Published online by Cambridge University Press: 02 December 2009
Heralded for a “third wave of democratization,” the 1990s witnessed the collapse of the Berlin Wall, official apartheid, and a host of dictatorships buttressed by the bipolar structures of the cold war. Even in the Arab world, so often seen as uniquely inhospitable to political, economic, and cultural liberalism, noteworthy political openings raised hopes for more tolerant, responsive, rule-based, fair, pluralist governance and greater personal liberty, freedom, and participation in Algeria, Egypt, Jordan, Kuwait, Lebanon, Palestine, Sudan, and Yemen. Among these, the prospects for the newly unified Republic of Yemen – itself partly a product of the end of the cold war – seemed especially dramatic and promising. Alas, however, in Yemen as in several other Arab countries, a brief “democratic experiment” was soon submerged in a counter-current of violence and repression. Is nothing better possible for Arab countries?

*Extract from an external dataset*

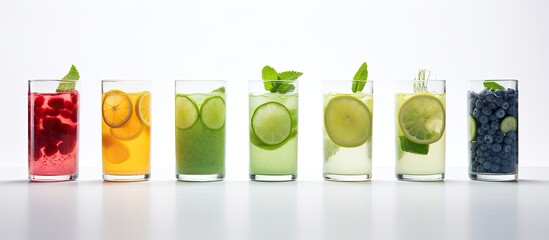 Various flavors of matcha lemonades including green blue and red varieties are beautifully presented on a white background with ample space for additional elements or text in the image
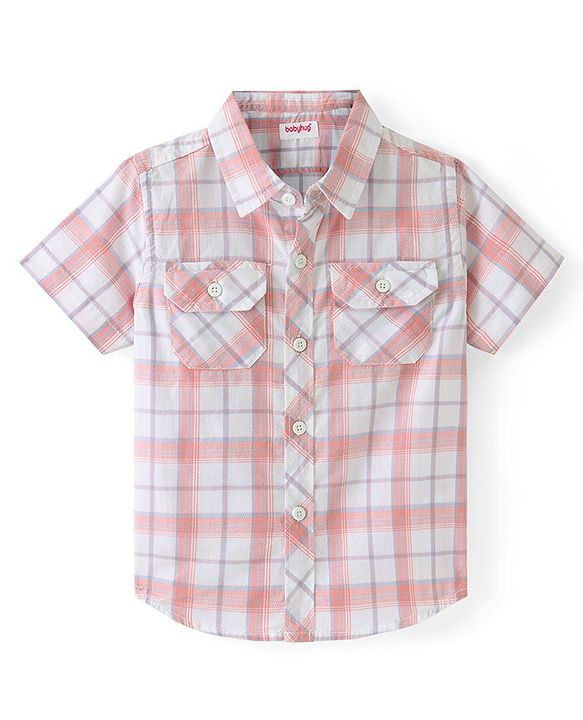 Babyhug Cotton Woven Half Sleeves Check Shirt with Hawaii Printed T-Shirt - Peach & Blue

Those who contend that nothing better is possible have observed that even high standards of living, bourgeois lifestyles, and Western technology have not produced a relaxation of political controls in the Arab Gulf states. Furthermore, electoral competition in the Arab world seems only to embolden intolerant religious puritans who neither respect basic rights nor tolerate alternative ideologies. According to this argument Islamic civilization in general, and Arab tribal culture in particular, have not and probably will not fertilize the sorts of vibrant civic activism that underlie Western democracies, for deeply imbued cultural values and social structures retard the development of civil society.
Although this argument has been widely critiqued, we have few empirical studies that offer evidence to the contrary.